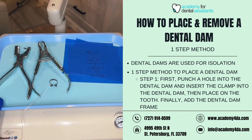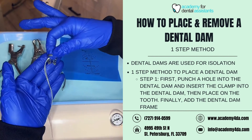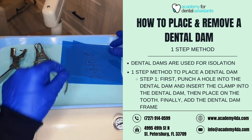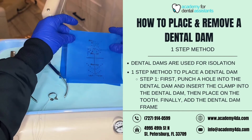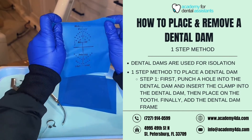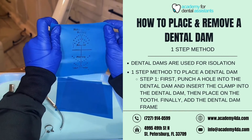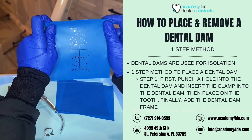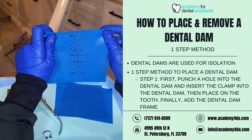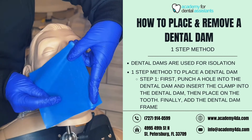With our one-step method, I'm going to demonstrate placing a dental dam on tooth number 28, which is a premolar. I have our premolar clamp set up and ready. I'm going to grab my dental dam — this one already has a stamp for training purposes so you can see the layout of the mouth, since when you punch your hole you want it to be in the area of the tooth you're working on.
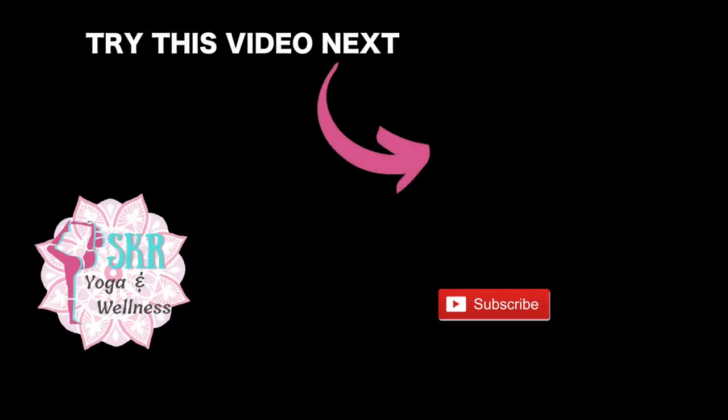Thank you so much yogis for doing this very powerful toning and sculpting yoga workout. I hope you definitely felt the burn — please don't forget to like and subscribe before you go, and I will see you on the mat very soon. Have a great rest of your day. Bye!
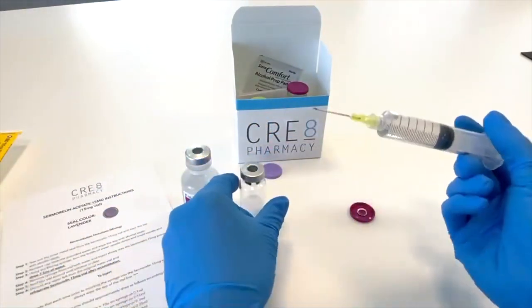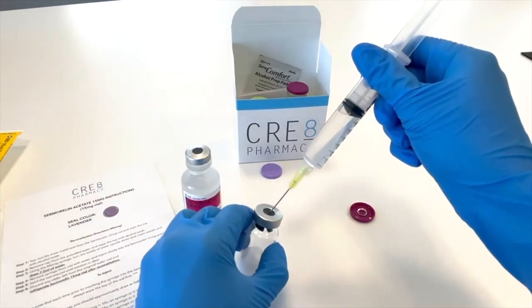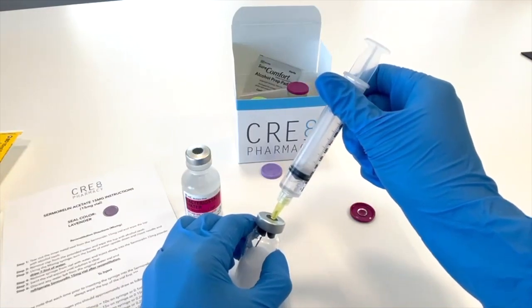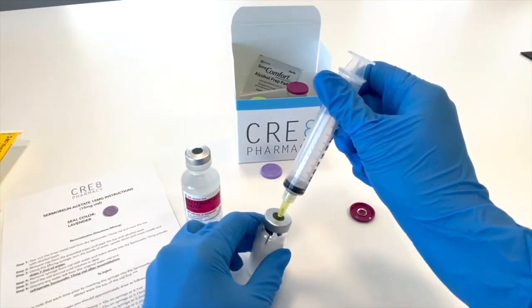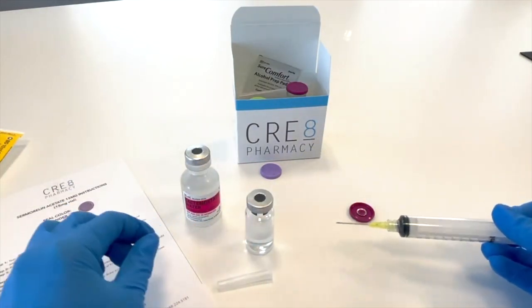The fifth step will be to insert the needle into the lyophilized powder vial. You will notice that the pressure alone will allow for the syringe to flow easily into the vial; however, some pushing may be needed.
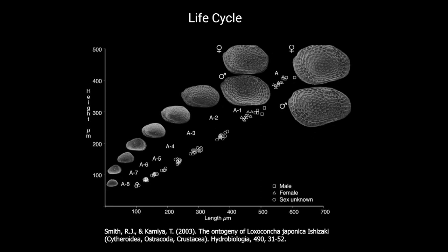Ostracods, like other crustaceans, molt between growth stages called instars. There are usually 9 instars between egg and adult. The presence of juvenile carapaces in the fossil assemblage is extremely important for paleontological studies. If an assemblage contains a mix of instars, it is relatively safe to assume the material is in situ, or a true reflection of the living assemblage.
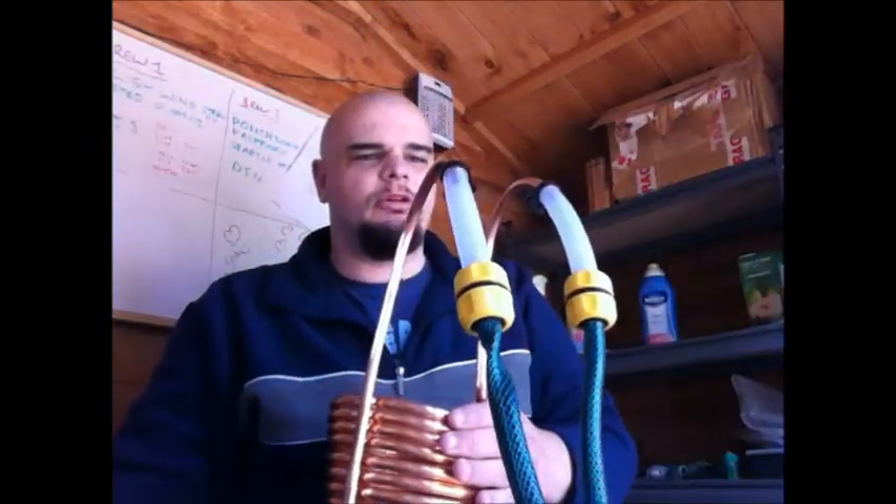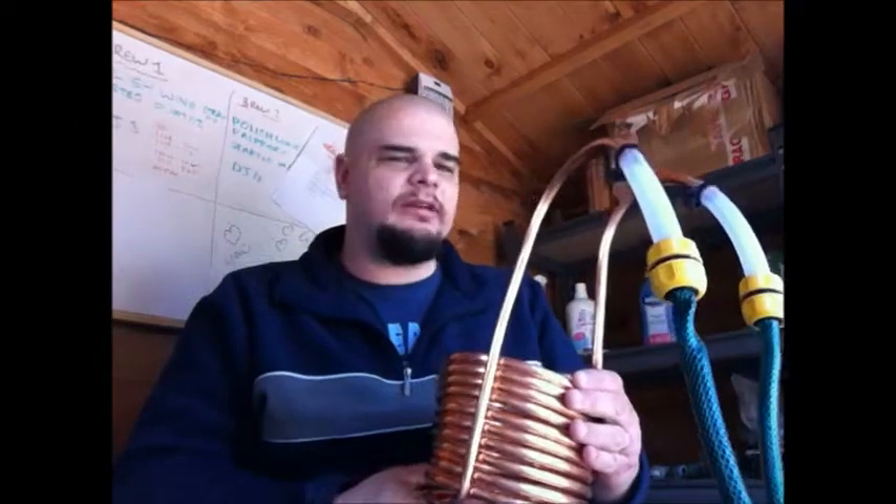Happy Homebrew Wednesday guys. So, what to tell you this week — a new wort chiller has arrived. Got that off eBay. Managed to connect it up to my hose pipe and do a runoff pipe so that all the water goes down my drain.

····················

→ EXERCISE OBJECTIVE:
Reproduce exactly and only the lines from the one with "Thank you so" through the final line of the records above, inclusive. Pictures must be left out.

→ RESPONSE TO THIS TASK:
Thank you so much yogis for doing this very powerful toning and sculpting yoga workout. I hope you definitely felt the burn — please don't forget to like and subscribe before you go, and I will see you on the mat very soon. Have a great rest of your day. Bye!
The fifth step will be to insert the needle into the lyophilized powder vial. You will notice that the pressure alone will allow for the syringe to flow easily into the vial; however, some pushing may be needed.
Ostracods, like other crustaceans, molt between growth stages called instars. There are usually 9 instars between egg and adult. The presence of juvenile carapaces in the fossil assemblage is extremely important for paleontological studies. If an assemblage contains a mix of instars, it is relatively safe to assume the material is in situ, or a true reflection of the living assemblage.
Happy Homebrew Wednesday guys. So, what to tell you this week — a new wort chiller has arrived. Got that off eBay. Managed to connect it up to my hose pipe and do a runoff pipe so that all the water goes down my drain.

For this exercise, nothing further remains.